Cabo de São Vicente

Tag 6. Los mit Wanderführerin Ana Carla, von Vila do Bispo nach Cabo de São Vicente. Wunderbar.

Zuerst durch die ländliche Umgebung von Vila do Bispo, hügelig, zum grossen Teil nicht mehr bewirtschaftet. Feldlerchen, Ziegen, Schafe. Ein weisses Pferd inmitten einer braunen Kuhherde. Grosse, schwere, schöne Tiere, friedlich lagernd. Dann beginnt der Weg oberhalb der Küste, auf der Hochebene.
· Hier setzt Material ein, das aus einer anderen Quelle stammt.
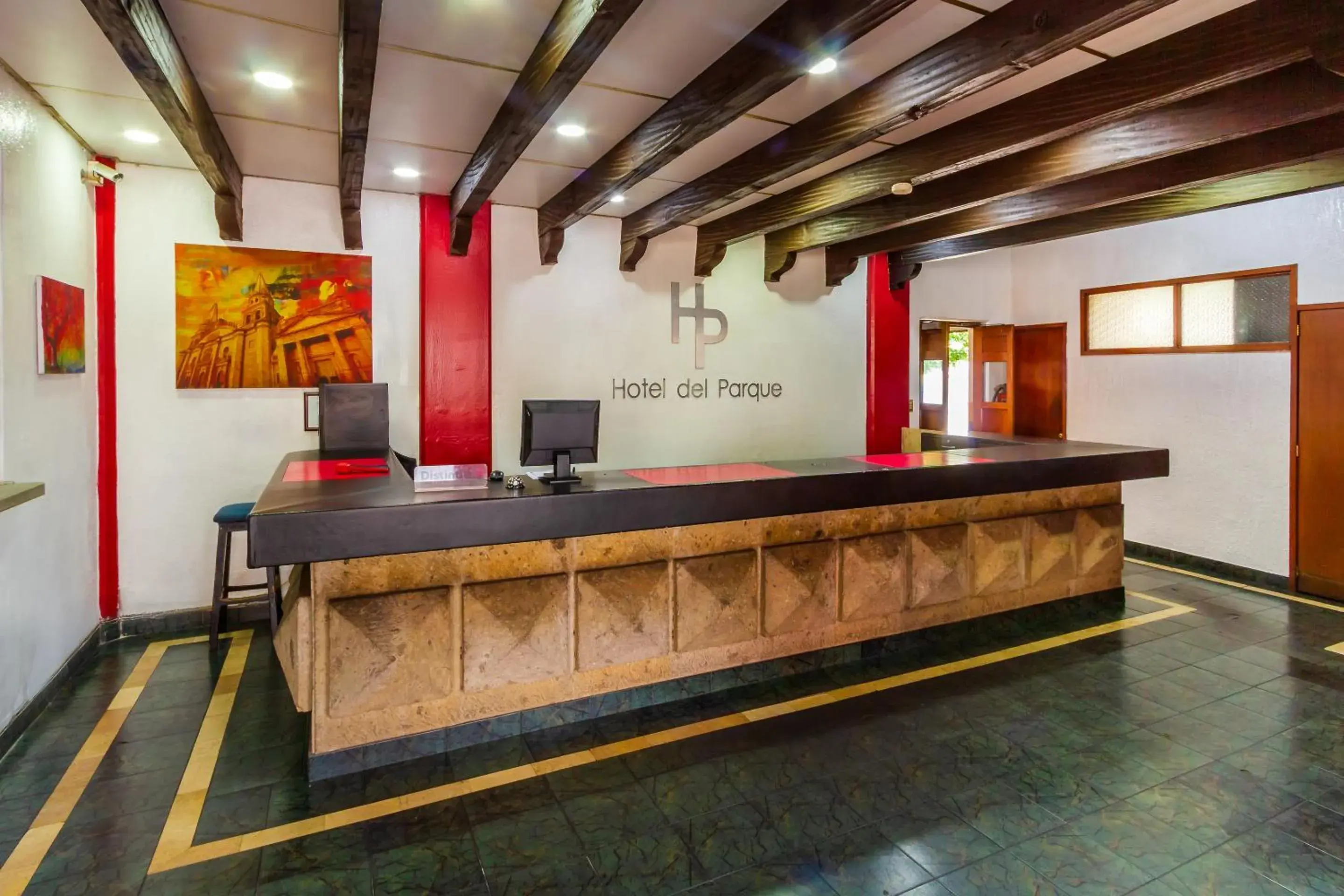 Lobby or reception in OYO Hotel Del Parque Lobby or reception in OYO Hotel Del Parque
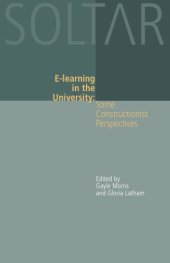 book E-Learning in the University: Some Constructionist Perspectives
Blicke in die Ferne oder auf beeindruckende Buchten. Felsen gelb, weisslich, schwarz, rot. Untergrund sandig, steinig; breit oder schmal der Pfad. Verkrüppelte Kiefern, auf dem Boden kriechender Wacholder, Lavendel, Thymian, Curryblumen, Zistrosen, Iris. Teils zusammengewürfelt, wie ein wunderbar gestalteter Garten. Möwenflug. Flug von Falken. Storchennest weit draussen, auf einer Felsspitze über dem Meer. An manchen Stellen befestigte Seile für die Fischer, die Muscheln sammeln, sich dafür die steilen Hänge runter- und raufhangeln. Lebensgefährlich! Eine Berufung, sagt Ana Carla. Ich frage sie, ob man guten Gewissens diese Muscheln im Restaurant bestellen kann. Ja, auf jeden Fall, ist die Antwort, die Männer tun das nicht des Geldes wegen, nicht allein, sondern aus Leidenschaft. Sie würden es so oder so tun.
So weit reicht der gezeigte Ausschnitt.